Most survey histories (including Fink’s Cold War: An International History) analyze political history on a large scale. Most named actors are countries or their leaders and the history details the periods of rivalry, competition, and struggle between them. Most of the time, this is a logical approach – understanding the Cuban Missile Crisis is largely an exercise in examining the political and military leaderships of a few countries. History, however, is much more than this approach – economic historians study long term economic developments; demographic historians study population trends; social historians study the experience of historical change on traditionally unexamined groups. This can include subaltern studies that often study the maligned or most underrepresented groups, microhistory that looks at a very narrow subject matter almost exhaustively. Part of social history is placing the lives lived of “common people” into a historical framework. Fascinating insights are often revealed that show “great man political history” is sometimes completely irrelevant or humanizes the large developments of political history. The study of Anne Frank, for example, humanizes the study of the Holocaust y placing the diary of an adolescent girl at the center of a maelstrom around her. Similarly, in our course, if Dr. Strangelove brings general staffs, presidents, and war rooms to life, Good Bye Lenin! transforms our understanding of the Eat/West German divide through the experience of a fictional family.

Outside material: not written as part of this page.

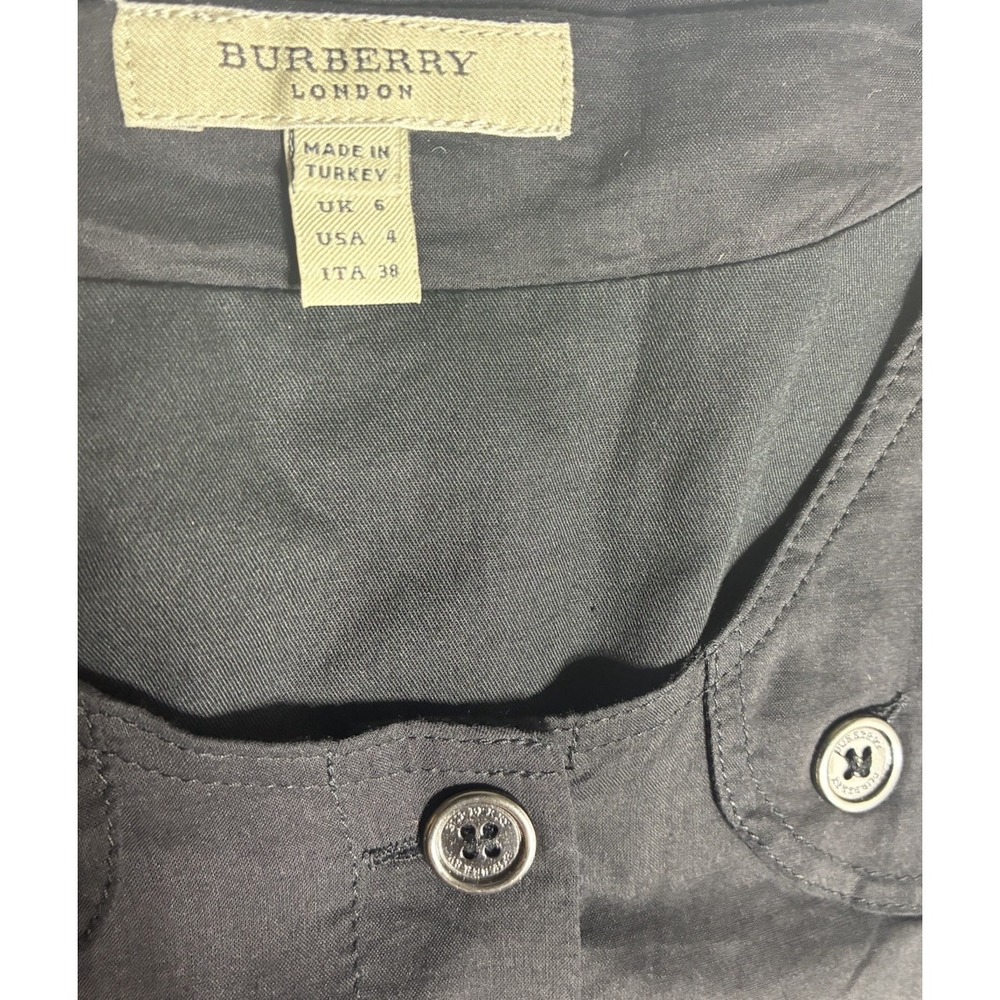 Burberry London Dress Women's 4 Black Cotton Belted Trench Career Academia - Picture 8 of 12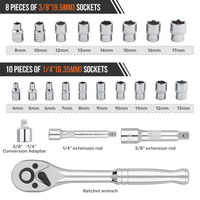 Kit d'outils à douilles métriques 22 pièces en acier au chrome-vanadium, 4-17 mm, 1/4'' et 3/8'', à commande manuelle. Barres d'extension pour clés à cliquet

Girl at War extends this idea; it uses an individual’s experience to navigate the complexities of the breakup of Yugoslavia. Furthermore Girl at War uses the experience of a child (someone that will only partially and incompletely understand and remember this traumatic past), and the experiences of the same girl in a university setting in the United States (something that should also be relatable to you) to create an intensely personal and unique coming to terms with this history.